Eso es importante porque austeridad no puede significar parálisis.

Hay que controlar el gasto improductivo mientras se continúa invirtiendo en aquello que genera crecimiento y calidad de vida.

Dos años no borran cinco años de deterioro

Aquí está el punto central de esta reflexión dominical.

Hay sectores que parecieran exigirle al actual Gobierno que en apenas dos años resuelva problemas acumulados durante cinco, diez e incluso veinte años.

Eso no es realista.

Mucho menos después del quinquenio de Cortizo.

No podemos olvidar instituciones debilitadas.

No podemos olvidar las obras detenidas.

No podemos olvidar el deterioro de los servicios públicos.

No podemos olvidar las cuentas pendientes.

No podemos olvidar el desorden financiero.

Y tampoco podemos olvidar la profunda pérdida de confianza que se produjo entre muchos ciudadanos y sus instituciones.

Reconstruir confianza toma más tiempo que destruirla.

Un Estado puede deteriorarse rápidamente cuando nadie toma decisiones; recuperarlo requiere disciplina, paciencia, planificación y continuidad.

Por eso califico aquella herencia como la de un Estado fallido en demasiadas de sus responsabilidades fundamentales, no porque Panamá hubiese dejado de existir institucionalmente, sino porque demasiados ciudadanos dejaron de sentir que el Estado funcionaba para ellos.

Y eso es precisamente lo que ahora toca reconstruir.

Que nadie entregue un cheque en blanco

Defender lo que considero positivo del Gobierno de José Raúl Mulino tampoco significa renunciar a la crítica.

Todo gobierno debe ser vigilado.

Todo ministro debe rendir cuentas.

Todo dólar público debe poder explicarse.

Y toda promesa debe eventualmente convertirse en resultados.

Mulino tampoco puede utilizar indefinidamente la herencia recibida como justificación. Conforme avance su mandato, los resultados tendrán que hablar cada vez más por su propia administración.

Pero exigir resultados no significa ignorar el contexto.

Hay una enorme diferencia entre decir “todavía falta muchísimo” y afirmar “no se ha hecho nada”.

Lo primero es cierto.

Lo segundo no lo es.

Tan recientemente como esta semana, el Gobierno continuaba anunciando iniciativas relacionadas con empleo agropecuario, educación, conectividad, turismo e inversión, mostrando una administración todavía concentrada en mantener proyectos y políticas en ejecución.

Panamá necesita acelerar.

Necesita empleo.

Necesita mejores escuelas.

Necesita medicamentos.

Necesita agua.

Necesita carreteras.

Necesita seguridad.

Necesita inversión.

Y, sobre todo, necesita recuperar confianza.
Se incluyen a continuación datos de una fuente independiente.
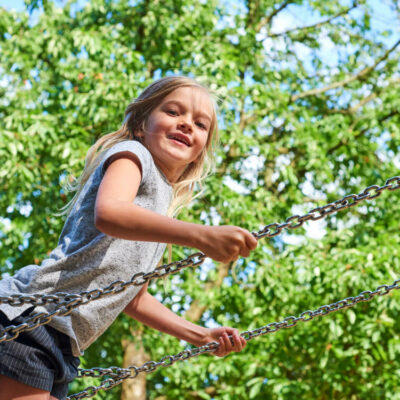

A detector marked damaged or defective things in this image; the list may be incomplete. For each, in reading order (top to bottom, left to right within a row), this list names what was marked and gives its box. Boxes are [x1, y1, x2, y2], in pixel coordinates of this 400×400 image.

rusty chain link [1, 176, 398, 344]
rusty chain link [67, 278, 398, 400] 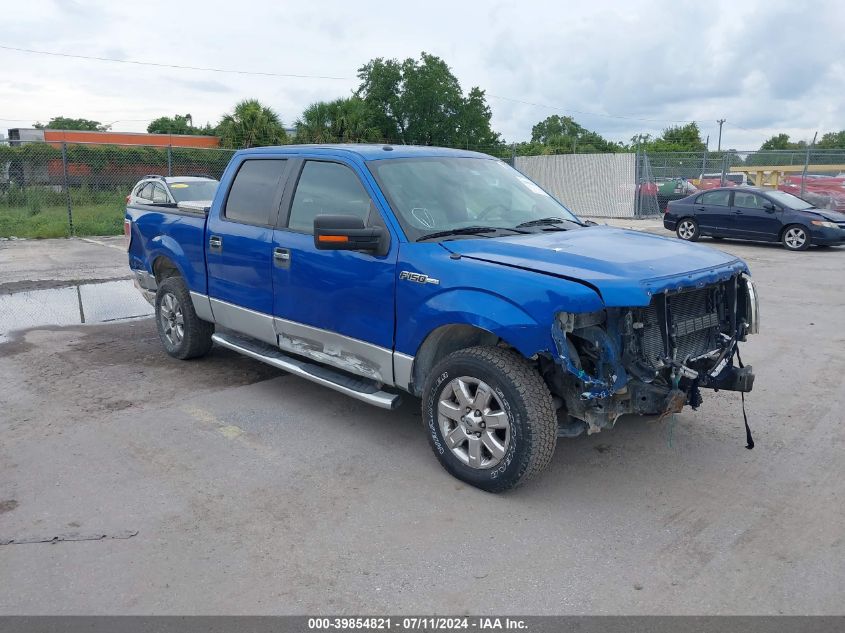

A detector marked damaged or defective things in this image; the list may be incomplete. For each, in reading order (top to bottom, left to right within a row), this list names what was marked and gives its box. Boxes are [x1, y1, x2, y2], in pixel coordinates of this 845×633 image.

damaged front end [540, 272, 760, 434]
Pero para avanzar también debemos aprender a reconocer los pasos que sí se dan.

Sigue el paso firme

José Raúl Mulino tiene todavía enormes desafíos por delante.

El panameño de a pie no mide el éxito del Gobierno únicamente observando balances fiscales. Lo mide cuando encuentra trabajo, cuando llega el agua a su casa, cuando consigue medicamentos, cuando puede transitar por una carretera digna, cuando su hijo recibe buena educación y cuando siente seguridad al salir a la calle.
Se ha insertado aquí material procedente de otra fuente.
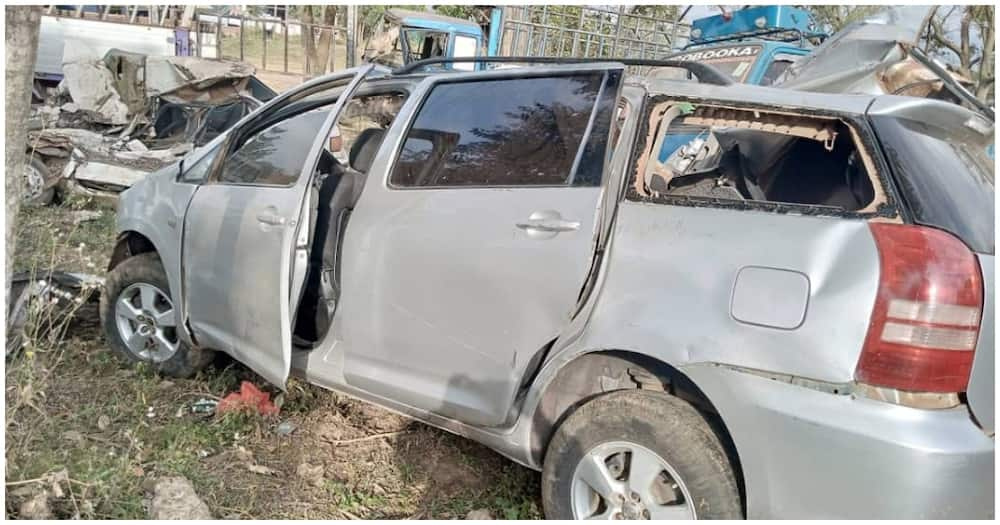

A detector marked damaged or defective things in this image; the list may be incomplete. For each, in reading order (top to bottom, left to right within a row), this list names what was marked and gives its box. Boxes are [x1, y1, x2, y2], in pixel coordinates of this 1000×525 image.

second damaged car [101, 56, 992, 516]
wrecked car [101, 59, 992, 516]
dented car body panel [115, 61, 992, 516]
damaged car roof rail [390, 56, 736, 85] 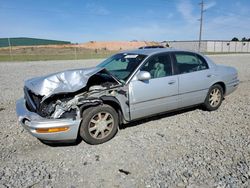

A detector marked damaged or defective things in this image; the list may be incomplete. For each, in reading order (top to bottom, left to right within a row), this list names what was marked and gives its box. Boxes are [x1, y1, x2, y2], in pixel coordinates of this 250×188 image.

crumpled hood [24, 67, 104, 99]
damaged silver sedan [15, 48, 238, 144]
Ahí estará la verdadera evaluación.

Por eso mi mensaje no es de conformismo.

Es de perseverancia.

Presidente Mulino: siga el paso firme.

Sin triunfalismos.

Sin bajar la guardia.

Sin creer que todo está hecho.

Y sin permitir tampoco que quienes hoy juzgan la reconstrucción pretendan hacernos olvidar quiénes dejaron buena parte de los escombros.
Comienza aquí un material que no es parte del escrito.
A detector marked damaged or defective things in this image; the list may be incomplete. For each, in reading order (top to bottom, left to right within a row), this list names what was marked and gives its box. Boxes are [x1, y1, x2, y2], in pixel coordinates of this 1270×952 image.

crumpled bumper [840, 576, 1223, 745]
Gobernar un país deteriorado es como reconstruir una casa mientras todavía vive una familia dentro: no puedes apagarlo todo, desalojar a todos y comenzar nuevamente desde los cimientos. Hay que reparar una habitación mientras las demás continúan funcionando.

Ese es el reto.

Un día a la vez.

Una institución a la vez.

Una obra a la vez.

Una decisión a la vez.

Que nadie olvide a Nito Cortizo.

Que nadie olvide cómo estaba Panamá.

Y que tampoco olvidemos que un Estado fallido no se reconstruye en dos años.

Hoy lo importante es continuar avanzando.

Sigue el paso firme, presidente Mulino. Un día a la vez.